* **Available data**:
□ □ □ □ □
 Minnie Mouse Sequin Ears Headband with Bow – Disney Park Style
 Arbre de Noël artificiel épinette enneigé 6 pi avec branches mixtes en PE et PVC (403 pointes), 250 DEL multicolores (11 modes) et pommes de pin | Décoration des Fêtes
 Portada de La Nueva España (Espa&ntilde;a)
□ □ □ □ □
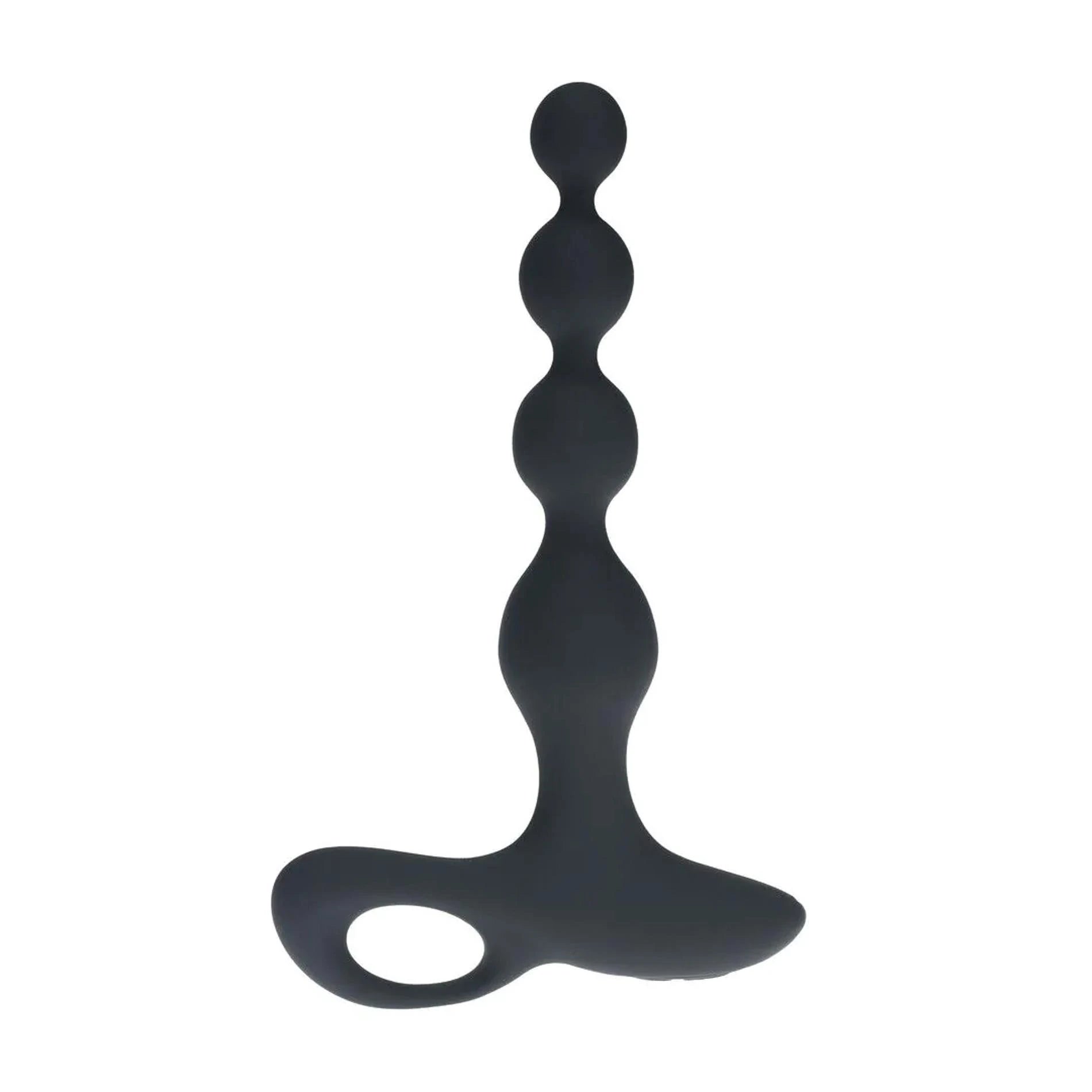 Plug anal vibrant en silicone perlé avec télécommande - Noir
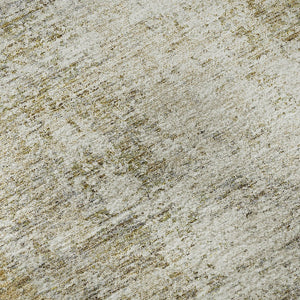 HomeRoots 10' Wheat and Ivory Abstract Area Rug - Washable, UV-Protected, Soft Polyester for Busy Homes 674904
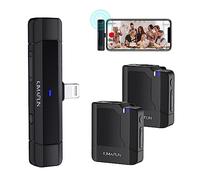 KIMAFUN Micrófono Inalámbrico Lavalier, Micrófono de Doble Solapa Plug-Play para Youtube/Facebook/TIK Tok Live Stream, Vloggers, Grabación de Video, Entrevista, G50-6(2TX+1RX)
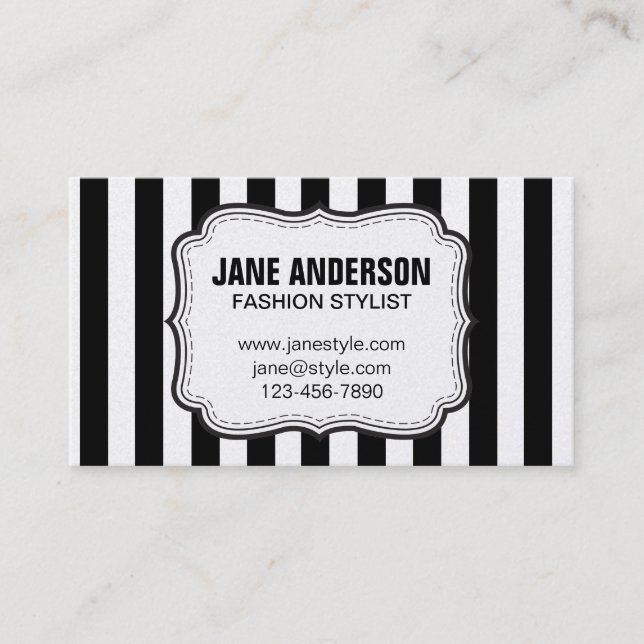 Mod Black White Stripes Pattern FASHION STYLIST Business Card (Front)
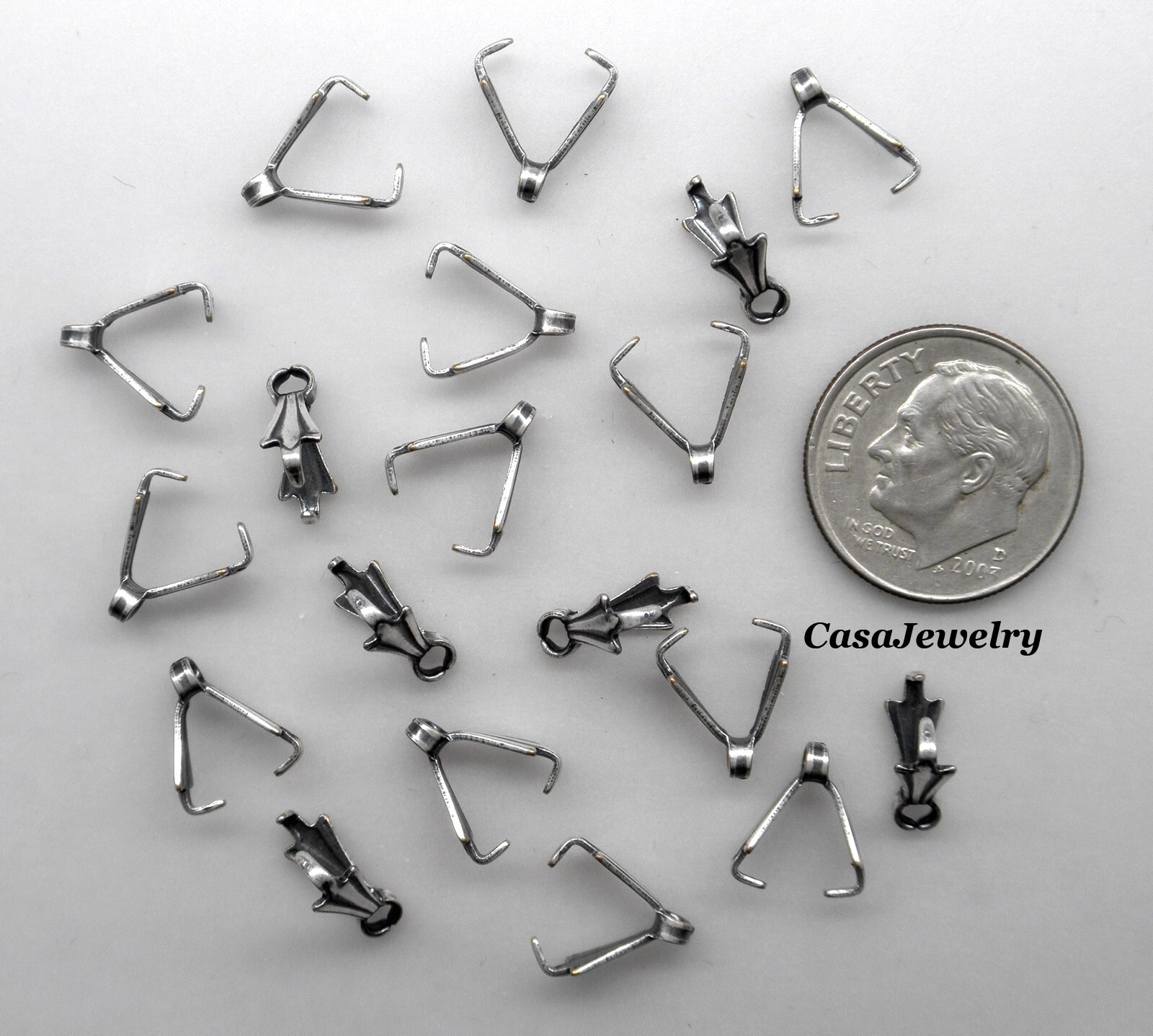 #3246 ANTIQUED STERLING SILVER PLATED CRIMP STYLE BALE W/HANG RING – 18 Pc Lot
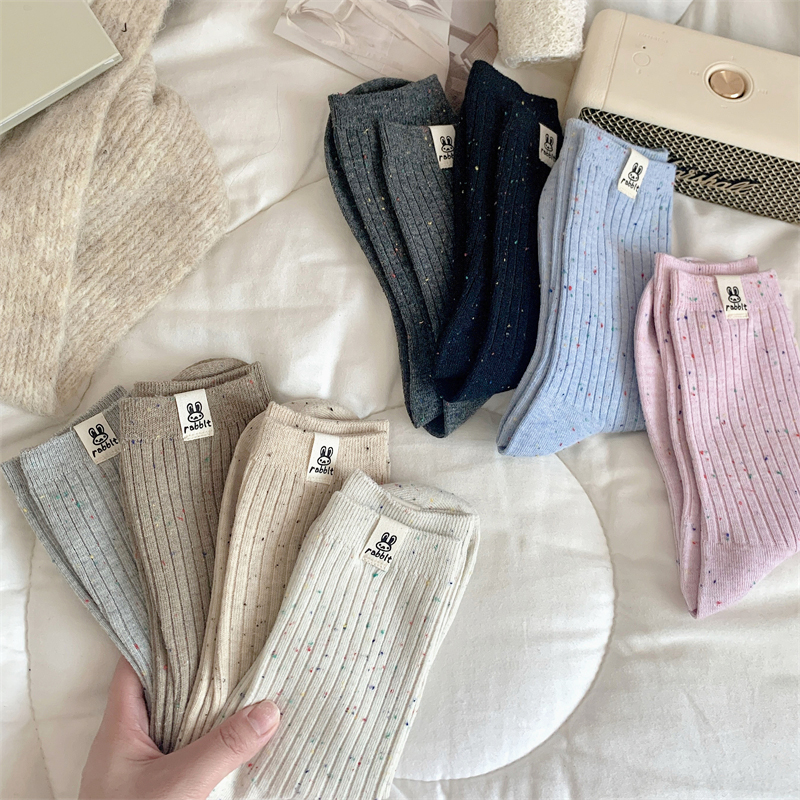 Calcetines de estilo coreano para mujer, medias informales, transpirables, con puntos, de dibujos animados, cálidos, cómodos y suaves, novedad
□ □ □ □ □
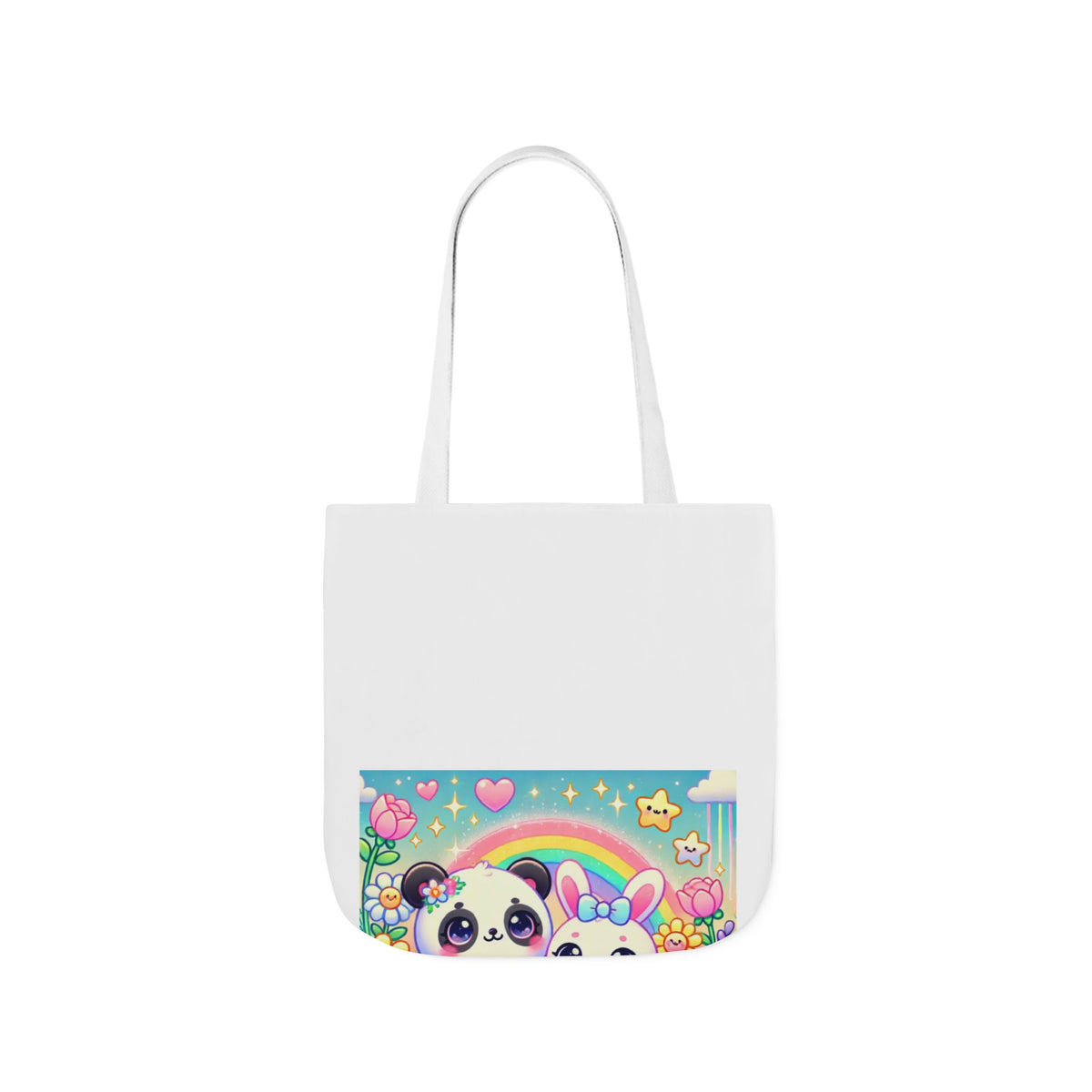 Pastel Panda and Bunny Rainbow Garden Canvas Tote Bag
□ □ □ □ □
* **Your task**: Pictures are to be left out. Write out only the lines above starting at the one with "KIMAFUN Micrófono Inalámbrico" and ending at the one with "Calcetines de estilo", both lines included, exactly.

* **Answer below**:
 KIMAFUN Micrófono Inalámbrico Lavalier, Micrófono de Doble Solapa Plug-Play para Youtube/Facebook/TIK Tok Live Stream, Vloggers, Grabación de Video, Entrevista, G50-6(2TX+1RX)
 Mod Black White Stripes Pattern FASHION STYLIST Business Card (Front)
 #3246 ANTIQUED STERLING SILVER PLATED CRIMP STYLE BALE W/HANG RING – 18 Pc Lot
 Calcetines de estilo coreano para mujer, medias informales, transpirables, con puntos, de dibujos animados, cálidos, cómodos y suaves, novedad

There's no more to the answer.